When actions speak louder – Friday, 5th Week in ordinary time – Mark 7:31-37
The Gospels are filled with desperate people characterized by the word ‘begged’. Yesterday’s Gospel text had the Syro-Phoenician woman on her knees, bowed at Jesus’ feet begging of him. Today, some unidentified persons who find mention in the Gospel by the generic third-person pronoun “they,” bring a man who is both deaf and who has a speech impediment to Jesus. There is desperation in their action for they too begged him. Yet there is a difference between the intercession of the Syro-Phoenician woman and these unnamed persons.
The Syro-Phoenician came with a specific plea; her daughter was possessed by a demon. These unnamed persons also are desperate yet they make no specific request for a healing. Scripture simply tells us that they wanted Jesus to lay his hands on the man they brought. This is reminiscent of the healing of the paralytic, whose friends brought him to Jesus (2:1-12). It seems rather obvious what they wanted yet their rather indirect request itself manifested their faith. It is the same faith and humility that lead so many lay people to ask a priest or a religious for a Sunday blessing as they bow their heads and join their hands. The request is never specific but their intention is clear.
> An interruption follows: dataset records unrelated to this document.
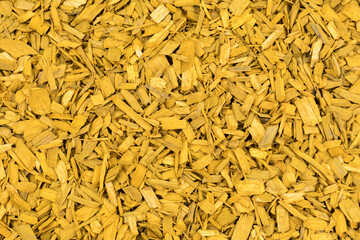 yellow wood bark mulch chips closeup background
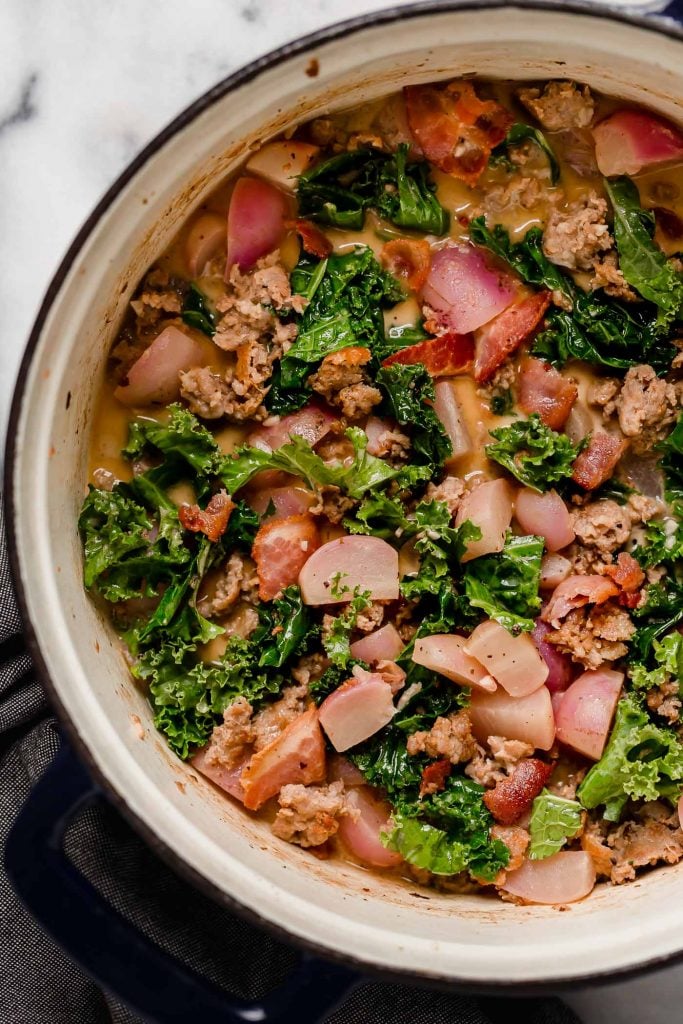 simmered soup mixed in with chopped kale and browned sausage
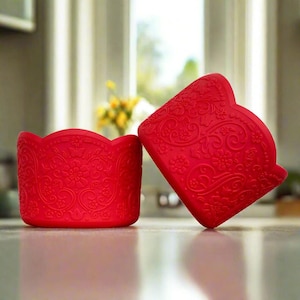 Puede incluir: Dos moldes para cupcakes de silicona roja con un patrón floral. Los moldes son de silicona flexible y tienen un borde festoneado.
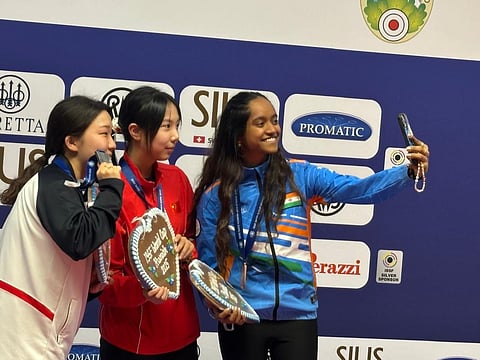 Elavenil Valarivan (R) with China's Wang Zifei (C) and Kwon Eun-ji of South Korea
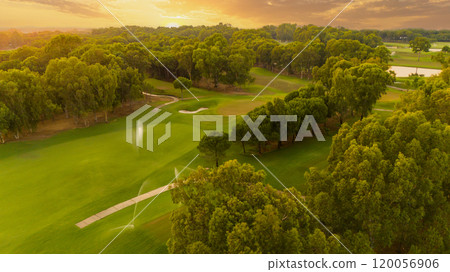 Beautiful sunset sky over a golf course during evening grass watering Beautiful sunset sky over a golf course during evening grass watering 120056906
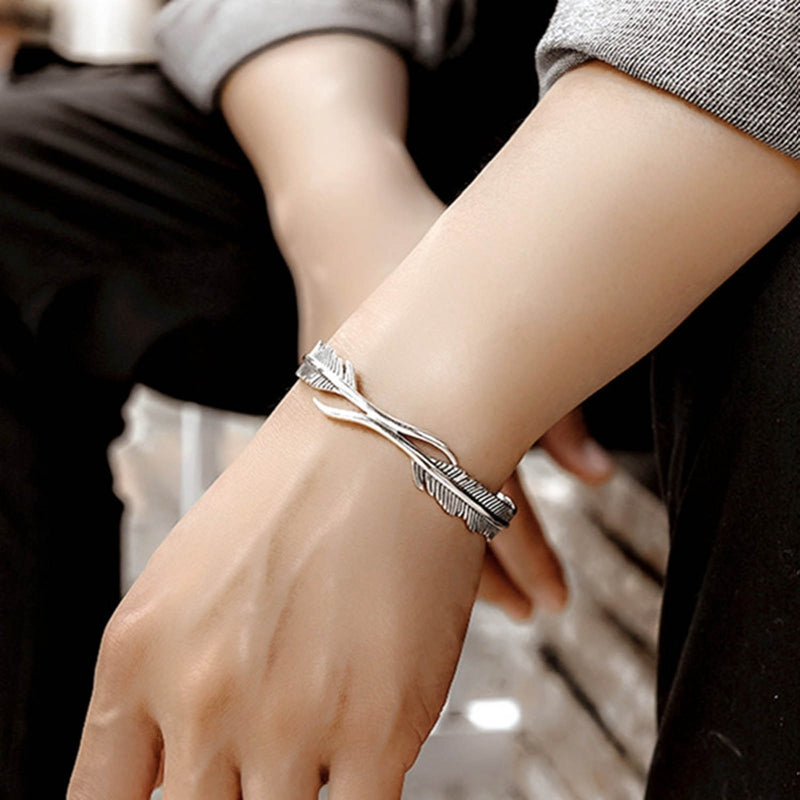 Close-up van een verstelbare unisex armband met fijne verzilverde veren. Een stijlvol sieraad voor elke pols.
The initiative for this healing miracle did not come from the deaf man himself. It was others who brought Jesus to him. It was these people of good will who “begged him to lay his hand on him”. Perhaps we should remember that many of the good things that happen to us come from the good will and prayers of others on our behalf.
This healing is very different from that of the woman’s daughter. In that story, Jesus took no action other than to report the healing to the mother (v. 29). If Jesus seemed too-little-engaged in that instance, he seems too-much-engaged in this one. He puts his fingers into the man’s ears. He spits and touches the man’s tongue. Yet to a Jewish audience, this would only reassure the person, for these actions were common healing procedures.
But within all this lies the humility of the Son of God who “Looking up to heaven, sighed, and said to him, ‘Ephphatha’ (v. 34).” Looking to heaven demonstrates Jesus’ dependency on the Father. His sigh demonstrates his sympathy and compassion. Jesus was distressed at the suffering of this man. This Gospel reassures us that Jesus cares for each of us his heart.
Religion is about the ordinary like these ordinary actions. The gospel of Jesus doesn’t fudge that issue. Yet we also see the extraordinary. While Jesus puts his fingers in the man’s ears and touches his tongue, it is only when Jesus utters his authoritative word that the man’s tongue is loosened.
We all need to have our ears opened so that we can hear and understand in its fullness, the message of Jesus. In addition to that, once we have heard and understood, the natural consequence is that we go out and speak openly to the world about what we have heard and understood. Both hearing and speaking are inseparable for the Christian disciple.